Supplied material ::
○ ○ ○ ○

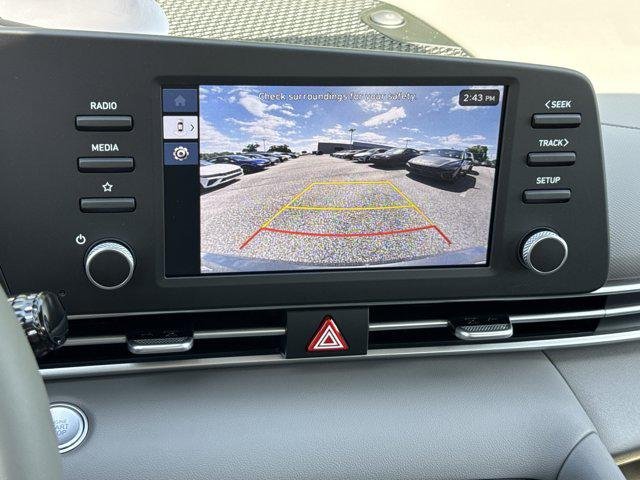 New 2026 Ecotronic Gray Hyundai SEL Sport image 22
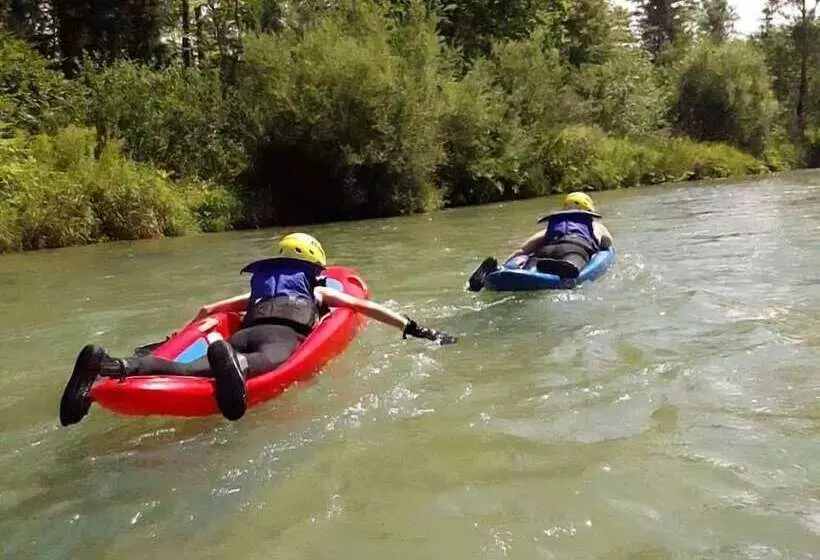 پانسیون Tourist House Capricorn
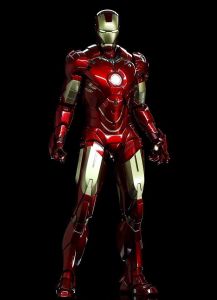 鋼鐵俠盔甲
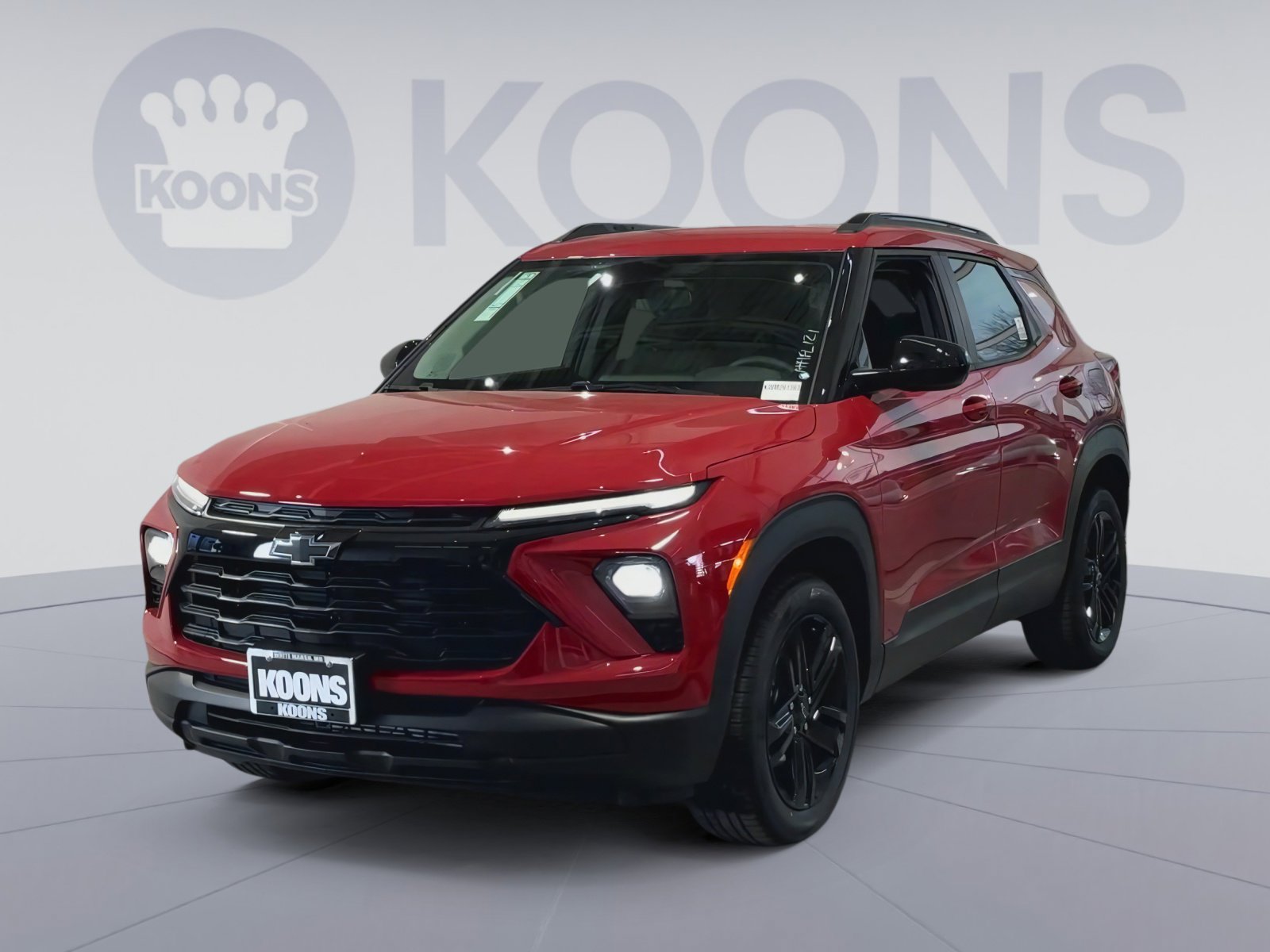 New 2026 Chevrolet TrailBlazer LT image 5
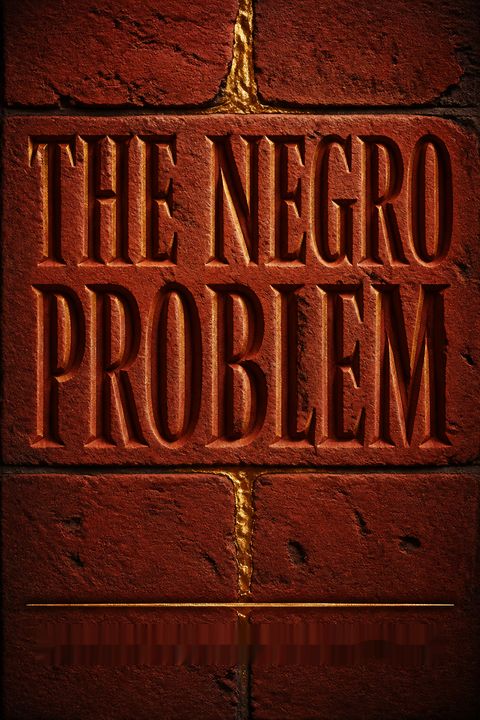 The Negro Problem by Booker T. Washington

○ ○ ○ ○

Task requirements ::
Please retype the lines from the one that contains "New 2026 Chevrolet TrailBlazer LT image 5" through the final line of the data, both included, without any pictures.

Answer box ::
 New 2026 Chevrolet TrailBlazer LT image 5
 The Negro Problem by Booker T. Washington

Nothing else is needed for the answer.